**AIM OF THE TASK**
Exactly as they stand, give the records below again, with no images.

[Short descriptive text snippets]
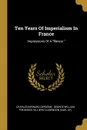 Ten Years Of Imperialism In France. Impressions Of A 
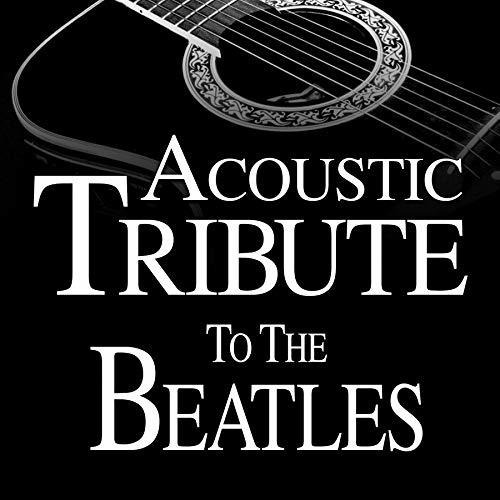 Cd Acoustic Tribute To The Beatles - Guitar Tribute Players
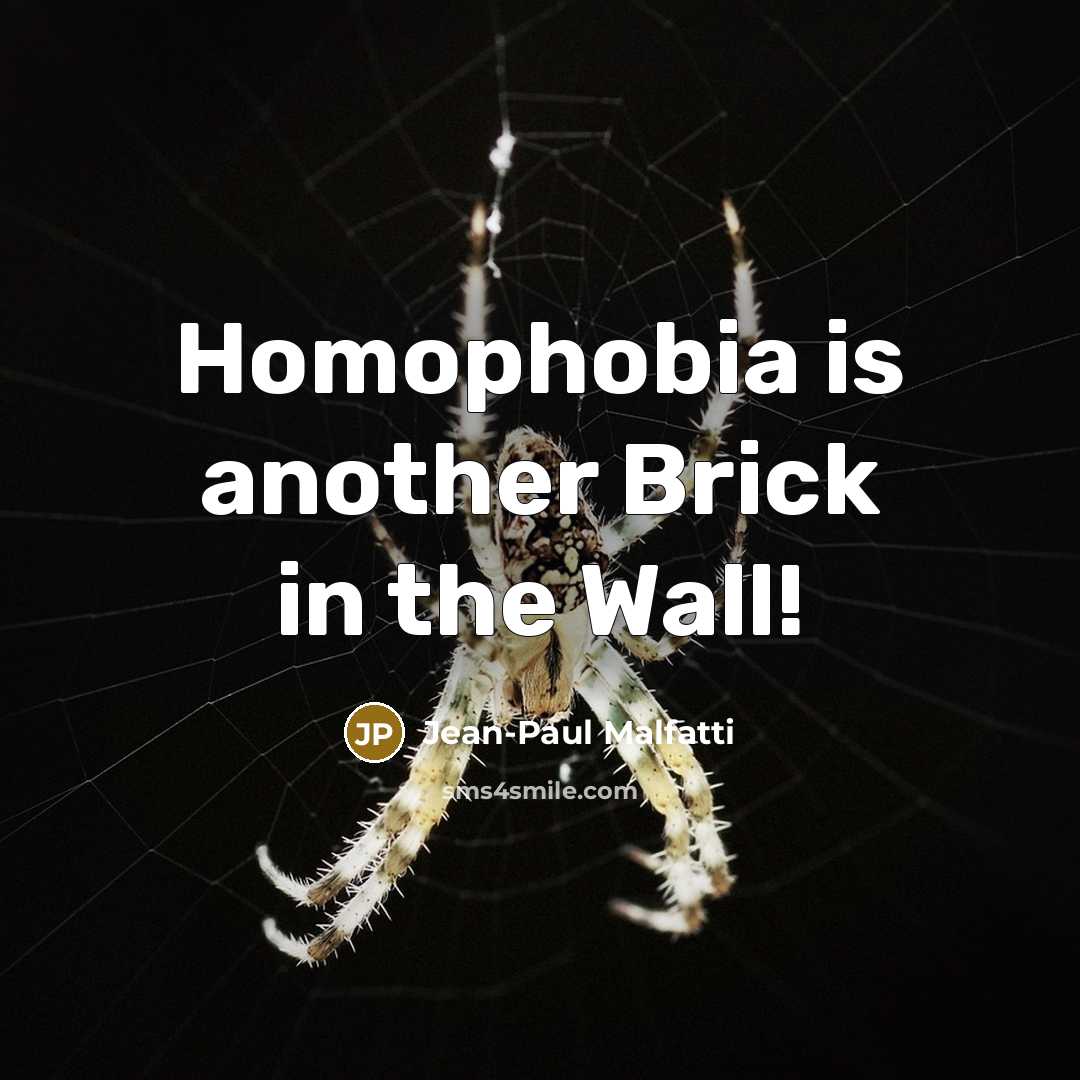 “Homophobia is another Brick in the Wall!…” quote by Jean-Paul Malfatti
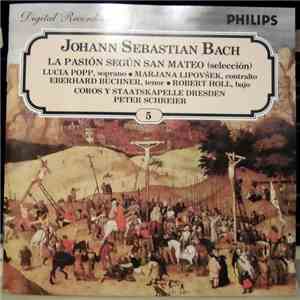 Johann Sebastian Bach - Lucia Popp, Marjana Lipovšek, Eberhard Büchner, Robert Holl, Coros Y Staatskapelle Dresden, Peter Schreier - La Pasión Según San Mateo (Selección) download mp3 flac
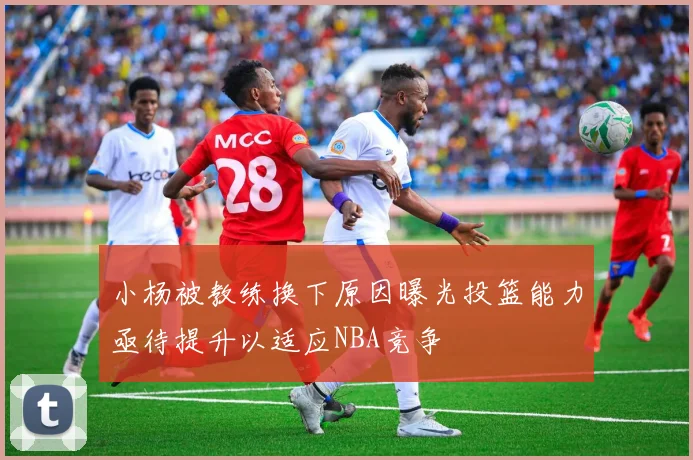 小杨被教练换下原因曝光投篮能力亟待提升以适应NBA竞争
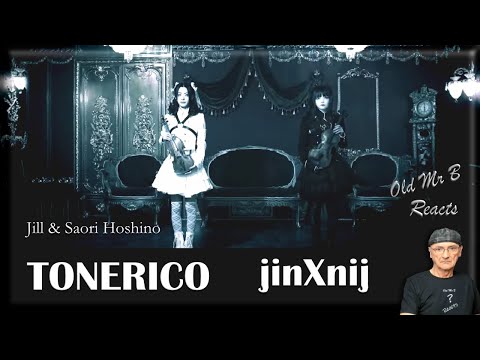 TONERICO (Jill & Saori Hoshino)『jinXnij』(First Time Reaction)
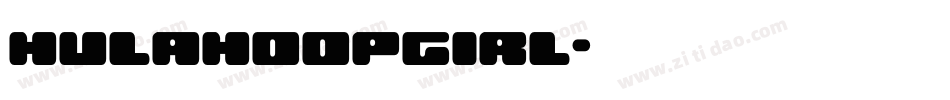 hulahoopgirl字体转换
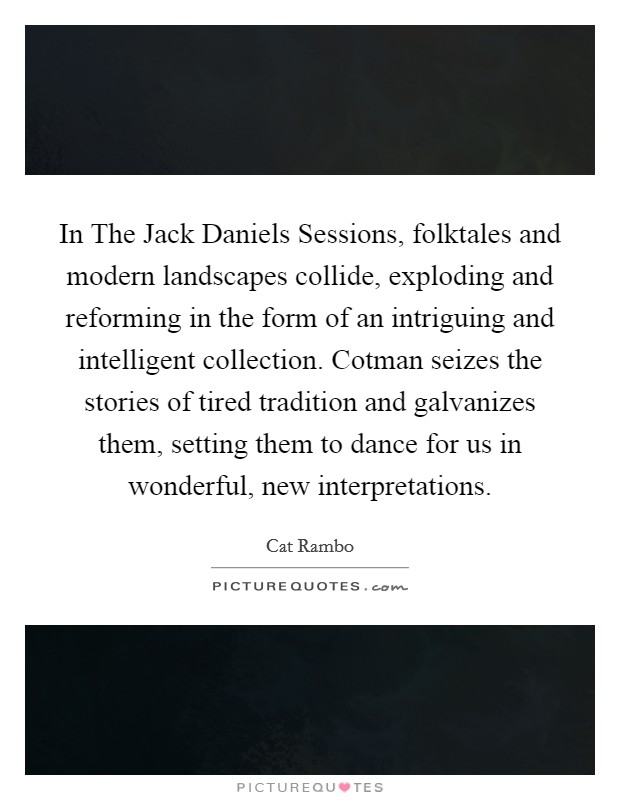 In The Jack Daniels Sessions, folktales and modern landscapes collide, exploding and reforming in the form of an intriguing and intelligent collection. Cotman seizes the stories of tired tradition and galvanizes them, setting them to dance for us in wonderful, new interpretations Picture Quote #1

**TASK RESPONSE**
 Ten Years Of Imperialism In France. Impressions Of A 
 Cd Acoustic Tribute To The Beatles - Guitar Tribute Players
 “Homophobia is another Brick in the Wall!…” quote by Jean-Paul Malfatti
 Johann Sebastian Bach - Lucia Popp, Marjana Lipovšek, Eberhard Büchner, Robert Holl, Coros Y Staatskapelle Dresden, Peter Schreier - La Pasión Según San Mateo (Selección) download mp3 flac
 小杨被教练换下原因曝光投篮能力亟待提升以适应NBA竞争
 TONERICO (Jill & Saori Hoshino)『jinXnij』(First Time Reaction)
 hulahoopgirl字体转换
 In The Jack Daniels Sessions, folktales and modern landscapes collide, exploding and reforming in the form of an intriguing and intelligent collection. Cotman seizes the stories of tired tradition and galvanizes them, setting them to dance for us in wonderful, new interpretations Picture Quote #1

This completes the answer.